Cie On t'a vu sur la pointe

 L’envers du décor
Résidence A.T.W.O.A.D. du 7 au 23 février 2022 au Canal
Compagnie On t’a vu sur la pointe

 
Entretien avec :  
Anne-Cécile Richard - Écriture, mise en scène et création sonore
Antoine Malfettes - Écriture, interprétation
Sébastien Lucas - Création lumière, technique et manipulation d’objets
Michel Poirier - Président de la compagnie On t’a vu sur la pointe, regard mise en scène

 

équipe ATWOAD

 

Pouvez-vous nous présenter votre dernière création, A.T.W.O.A.D. ?
C’est  d’abord une enquête policière :  Antonin  et  Anna  cherchent  à  savoir  pourquoi  un  chapitre  a disparu  dans  la  version  française  du  livre  de  Robert  Fisk,  La  Grande  Guerre  pour  la  Civilisation.  Le chapitre manquant est celui traitant de la guerre d’Algérie... Cette enquête est également un prétexte pour explorer la complexité des relations entre la France et l’Algérie depuis l’indépendance jusqu’à aujourd’hui, et pour essayer de comprendre pourquoi 60 ans après l’indépendance, les relations sont toujours aussi compliquées entre ces deux pays.

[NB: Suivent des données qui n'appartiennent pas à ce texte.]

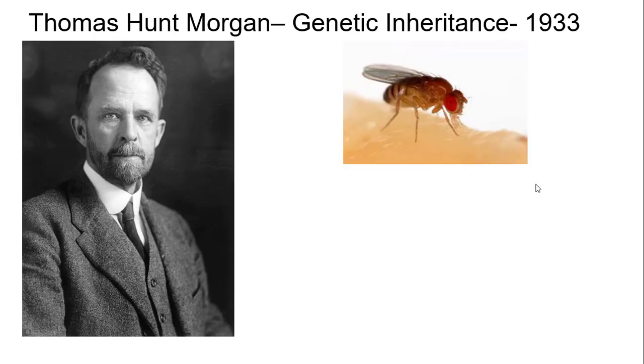Today we move forward in time to talk about Thomas Hunt Morgan, who won the Nobel Prize in 1933 for studying genetic inheritance.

Ce  spectacle  est  une  pièce  de  théâtre  documentaire :  la  fiction  se  mêle  aux  éléments  réels  issus d’archives historiques et d’entretiens. Pouvez-vous nous en dire plus ?
Les étapes du scénario sont assez proches de l’enquête que nous avons réellement menée. Même si on  a  écrit  une  fiction,  on  a  réellement  cherché  à  savoir  pourquoi  ce  chapitre  manquait  dans  la traduction. Dans le spectacle, c’est le fil conducteur que suit Antonin pour mener son enquête. Nous avons également interviewé des témoins, les vraies personnes concernées par cette histoire, et ce sont leurs voix et leurs propos que l’on entend pendant le spectacle. C’est cette part du spectacle qui constitue la partie « documentaire ». Les témoignages recueillis sont à la fois des paroles d’experts, et des témoignages plus intimes de personnes  ayant  été  confrontées  de  près  ou  de  loin  à  cette  histoire  (une  fille  de  harki,  une  fille  de pieds-noirs, un petit-fils d’appelé du contingent, un enfant de père français et mère algérienne).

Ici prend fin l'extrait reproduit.